I never could fathom as a child that I would miss my grandmother’s funeral. She was everything and more for me. I’m currently serving a DBI sentence that of which I have 11 years in on. The punishment from courts was for me to die in prison. When the judge said life I don’t want to believe that she knew that meant you may never see anyone you’ve ever cared for or love ever again. That you will never have a relationship with your children. That your family may become sick and need an organ and you won’t be able to donate to them even though your sentence to die. That the person whom loved you and cared for you most may die knowing that you won’t be able to attend their funeral.
In these 11 years I have been witness to men loosing loved ones from mothers and fathers, brothers and sisters, and even kids.
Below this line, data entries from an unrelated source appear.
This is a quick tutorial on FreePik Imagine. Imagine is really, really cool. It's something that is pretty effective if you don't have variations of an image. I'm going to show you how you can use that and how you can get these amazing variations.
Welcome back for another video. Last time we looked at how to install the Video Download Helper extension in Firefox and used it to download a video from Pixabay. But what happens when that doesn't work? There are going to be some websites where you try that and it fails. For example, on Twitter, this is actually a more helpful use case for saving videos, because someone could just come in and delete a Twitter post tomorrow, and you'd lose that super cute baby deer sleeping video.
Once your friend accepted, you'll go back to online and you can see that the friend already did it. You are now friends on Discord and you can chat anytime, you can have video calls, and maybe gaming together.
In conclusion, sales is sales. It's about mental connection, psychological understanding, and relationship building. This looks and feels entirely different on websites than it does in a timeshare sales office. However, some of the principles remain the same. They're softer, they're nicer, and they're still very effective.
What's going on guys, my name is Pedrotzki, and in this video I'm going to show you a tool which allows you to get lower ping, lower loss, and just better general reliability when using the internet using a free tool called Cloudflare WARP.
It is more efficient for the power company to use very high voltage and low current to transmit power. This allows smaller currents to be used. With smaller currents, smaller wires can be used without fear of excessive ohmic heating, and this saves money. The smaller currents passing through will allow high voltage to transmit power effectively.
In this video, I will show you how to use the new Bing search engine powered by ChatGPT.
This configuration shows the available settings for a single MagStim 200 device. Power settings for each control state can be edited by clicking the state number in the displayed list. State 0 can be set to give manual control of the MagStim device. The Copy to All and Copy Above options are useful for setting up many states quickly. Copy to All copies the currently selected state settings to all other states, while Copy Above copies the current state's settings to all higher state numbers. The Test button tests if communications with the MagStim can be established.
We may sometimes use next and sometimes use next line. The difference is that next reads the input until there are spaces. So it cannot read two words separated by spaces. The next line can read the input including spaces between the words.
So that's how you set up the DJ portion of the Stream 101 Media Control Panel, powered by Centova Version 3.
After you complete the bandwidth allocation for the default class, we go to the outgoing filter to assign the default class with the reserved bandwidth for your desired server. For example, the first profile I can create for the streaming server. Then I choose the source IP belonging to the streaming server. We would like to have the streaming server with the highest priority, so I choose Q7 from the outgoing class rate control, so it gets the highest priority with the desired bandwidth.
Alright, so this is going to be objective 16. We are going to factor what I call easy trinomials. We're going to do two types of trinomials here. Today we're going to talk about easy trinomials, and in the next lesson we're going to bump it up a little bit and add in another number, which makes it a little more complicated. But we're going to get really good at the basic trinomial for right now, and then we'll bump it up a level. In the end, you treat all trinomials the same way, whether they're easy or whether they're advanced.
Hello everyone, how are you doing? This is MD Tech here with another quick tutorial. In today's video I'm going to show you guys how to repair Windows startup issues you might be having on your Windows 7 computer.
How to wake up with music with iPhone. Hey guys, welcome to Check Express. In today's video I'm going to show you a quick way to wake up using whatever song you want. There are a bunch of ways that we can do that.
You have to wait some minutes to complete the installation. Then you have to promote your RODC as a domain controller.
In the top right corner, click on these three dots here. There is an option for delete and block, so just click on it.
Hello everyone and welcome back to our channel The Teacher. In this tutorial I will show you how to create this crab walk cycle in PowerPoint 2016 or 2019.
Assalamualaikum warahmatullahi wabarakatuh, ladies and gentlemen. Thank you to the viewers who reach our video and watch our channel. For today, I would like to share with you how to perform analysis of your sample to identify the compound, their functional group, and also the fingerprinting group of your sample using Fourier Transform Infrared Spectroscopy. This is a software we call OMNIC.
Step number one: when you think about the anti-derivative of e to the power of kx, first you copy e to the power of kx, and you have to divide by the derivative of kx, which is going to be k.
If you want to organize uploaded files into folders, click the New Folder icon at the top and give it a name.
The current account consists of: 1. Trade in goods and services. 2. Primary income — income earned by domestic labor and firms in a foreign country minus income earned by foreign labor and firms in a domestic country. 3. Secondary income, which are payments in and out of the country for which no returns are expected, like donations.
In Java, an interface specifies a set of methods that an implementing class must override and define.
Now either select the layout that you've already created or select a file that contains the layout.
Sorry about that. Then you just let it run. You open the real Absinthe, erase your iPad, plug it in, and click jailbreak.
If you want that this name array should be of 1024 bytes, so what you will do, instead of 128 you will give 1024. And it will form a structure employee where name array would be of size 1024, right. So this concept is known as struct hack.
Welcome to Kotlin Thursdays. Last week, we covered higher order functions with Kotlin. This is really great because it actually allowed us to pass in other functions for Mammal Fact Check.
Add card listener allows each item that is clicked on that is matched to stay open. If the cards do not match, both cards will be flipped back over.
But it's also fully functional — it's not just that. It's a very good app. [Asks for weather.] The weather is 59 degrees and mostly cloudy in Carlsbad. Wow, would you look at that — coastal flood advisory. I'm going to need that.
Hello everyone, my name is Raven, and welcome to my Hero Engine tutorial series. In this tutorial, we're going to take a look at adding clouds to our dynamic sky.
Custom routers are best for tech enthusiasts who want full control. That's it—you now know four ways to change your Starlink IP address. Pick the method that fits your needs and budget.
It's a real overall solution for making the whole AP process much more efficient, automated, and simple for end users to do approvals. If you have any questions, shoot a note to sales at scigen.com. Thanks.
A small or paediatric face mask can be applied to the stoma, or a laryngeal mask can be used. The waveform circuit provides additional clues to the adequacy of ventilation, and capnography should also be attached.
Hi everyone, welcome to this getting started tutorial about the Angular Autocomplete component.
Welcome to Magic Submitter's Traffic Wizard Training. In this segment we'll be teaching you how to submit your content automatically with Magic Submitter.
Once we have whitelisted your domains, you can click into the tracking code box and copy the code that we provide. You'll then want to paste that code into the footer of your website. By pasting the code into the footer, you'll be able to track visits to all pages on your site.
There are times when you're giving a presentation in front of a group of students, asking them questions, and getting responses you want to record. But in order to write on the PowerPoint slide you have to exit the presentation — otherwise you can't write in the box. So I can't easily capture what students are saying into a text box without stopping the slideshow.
Loosing a love one while in prison I believe is a part of DBI that is forgotten when thinking about those serving time. Me personally I am unable to fully grieve which makes me feel less human if that makes any sense. Maybe thats also part of “it” to make prisoners feel like their not people or even human any more. I don’t want to come off as if there weren’t any tears shed by me or any of the other men that have lost loved ones while serving DBI sentences but grieving I believe is more than just shedding tears. I know for me its hard to accept the fact that the 1 person I know would come if I were sent to Siberia in Russia and told that my freedom depended on me getting 1 visit, that she would not have hesitated to travel to see me so that I could obtain my freedom. So dealing with that is extremely hard.
Theses thoughts have been on my mind since August. I also lost a close cousin like 3 weeks after the passing of my grandmother. I brought that up to say that I’ve finally come to the realization of this inhumane DBI sentence that more than 5k men and women in PA are serving has extended/unrecognized affects, this is just 1 of many.